Ganó Trump y la causa es, fundamentalmente, cultural y de valores. La inflación, la crisis en la frontera con los inmigrantes, los excesos del “wokismo”, el poco tiempo de Harris para hacer campaña, las equivocaciones de los demócratas al fallar en encontrar un mensaje convincente son elementos relevantes, sin duda, pero el problema fundamental es que Estados Unidos, culturalmente, ha abandonado la política democrática de la decencia y el respeto para adoptar en su lugar una del resentimiento, el insulto y la intolerancia. Y a la vista del resultado electoral nos damos cuenta de que se trata de un tema no sólo de blancos racistas, o de una clase trabajadora irritada, o una cuestión de mucha o poca educación. Es un problema multiclase, multigénero, multieducación y multirracial. Ganó, otra vez, la presidencia de Estados Unidos un bribón falaz, prepotente, vulgar y delincuente comprobado que intento descarrilar la vida democrática del país al no aceptar su derrota en las urnas hace cuatro años. Una cultura política que ha descendido a este nivel de degradación no es fácil de arreglar. El cronograma se contará por décadas, en el mejor de los casos. No bastaran los ciclos electorales cuatrianuales.

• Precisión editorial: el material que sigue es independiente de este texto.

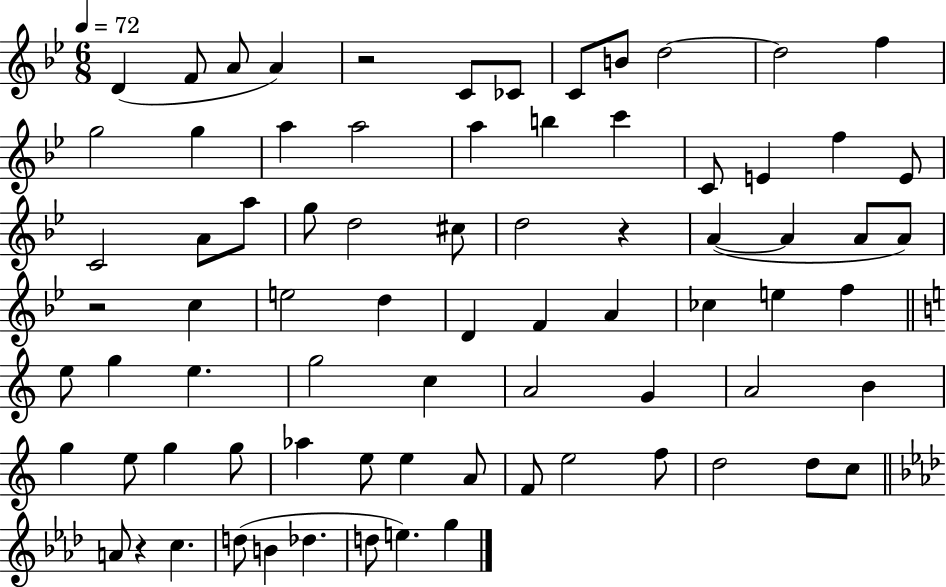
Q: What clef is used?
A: treble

Desde luego, no solo es Estados Unidos. Enfrentamos un aciago Zeitgeist (espíritu de la época) global. Cada vez más países se sumergen en las políticas de las mentiras, el resentimiento y la intimidación. El primer cuarto del siglo XXI será visto, en retrospectiva, como la etapa donde se sembraron las semillas del mal. Los líderes de extrema derecha están ganando en todo el mundo y culpar únicamente a la economía o a la globalización no es suficiente. Personajes como Trump tienen éxito por ofrecer a los votantes una “venganza” ante problemas tanto reales como imaginarios. El gran bufón sabe explotar los peor de los electores con su estilo provocador y rústico. Tanto primitivismo es la forma habitual del populismo rampante, del demagogo que afirma “Yo me presento ante ustedes tal cual soy: sin ambages, sin maquillajes, incluso zafio. Soy como vosotros, ni más, ni menos”.

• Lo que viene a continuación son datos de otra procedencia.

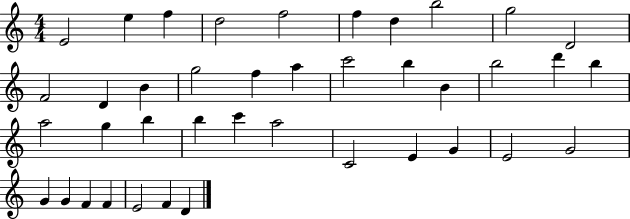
E4/h E5/q F5/q D5/h F5/h F5/q D5/q B5/h G5/h D4/h F4/h D4/q B4/q G5/h F5/q A5/q C6/h B5/q B4/q B5/h D6/q B5/q A5/h G5/q B5/q B5/q C6/q A5/h C4/h E4/q G4/q E4/h G4/h G4/q G4/q F4/q F4/q E4/h F4/q D4/q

Trump y sus émulos hacen política desde la antipolítica. Acusan a las instituciones de arruinar las vidas de la gente. Desdeñan la lógica y la congruencia. Para ellos la democracia ilustrada es un sistema ineficiente por lento y por ser “rehén” del garantismo y de la división de poderes. Para los “hombres fuertes” las urgencias del presente solo se resuelven con autoridad y voluntarismo personalista. El ruido, las amenazas y la incorrección política son su revestimiento, pero son también su carta de presentación: son lo que aparentan ser. Si bien es cierto que el estado de la economía fue un motivo importante en la victoria de Trump, también lo es que la gente no siempre vota con su billetera. La economía importa, pero no como una simple métrica del bienestar agregado. Por lo general, los inconvenientes financieros personales solo se politizan cuando se perciben como parte de una crisis más amplia.

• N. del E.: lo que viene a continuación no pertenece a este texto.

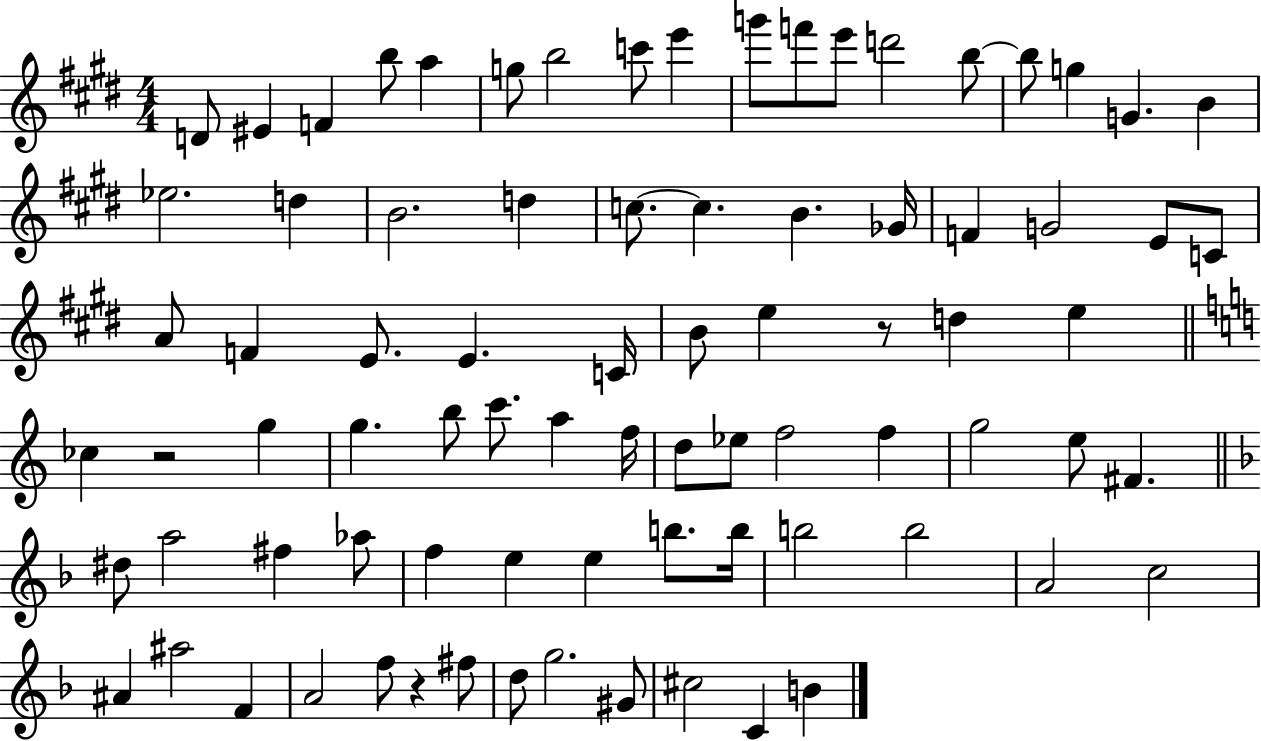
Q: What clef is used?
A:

La extrema derecha ofrece hoy de manera global lo que el politólogo William Connolly llama una “política de venganza existencial”. Trump advierte sobre la toma del poder por parte de los “comunistas” y amplifica la teoría de la conspiración del “gran reemplazo”, mientras sus partidarios arremeten contra el “genocidio blanco” y las élites satánicas que abusan de niños. Más que oponerse a la mala gestión económica, vilipendian a quienes amenazan las jerarquías y no solo de clase, sino también las de raza y género. Estas rupturas prosperan tanto en el patrón de decadencia y desmoralización liberal como en los propios tóxicos giros emocionales de los extremistas con sus formas agresivas y sin reservas de relacionarse con los demás, donde el insulto zafio o el apodo vejatorio substituyen a los argumentos y las razones. Es un Zeitgeist abominable que enseñorea a lo peor que hay en nosotros mismos: los miedos, los complejos y los prejuicios mientras destierra a la confianza colectiva y al nosotros incluyente.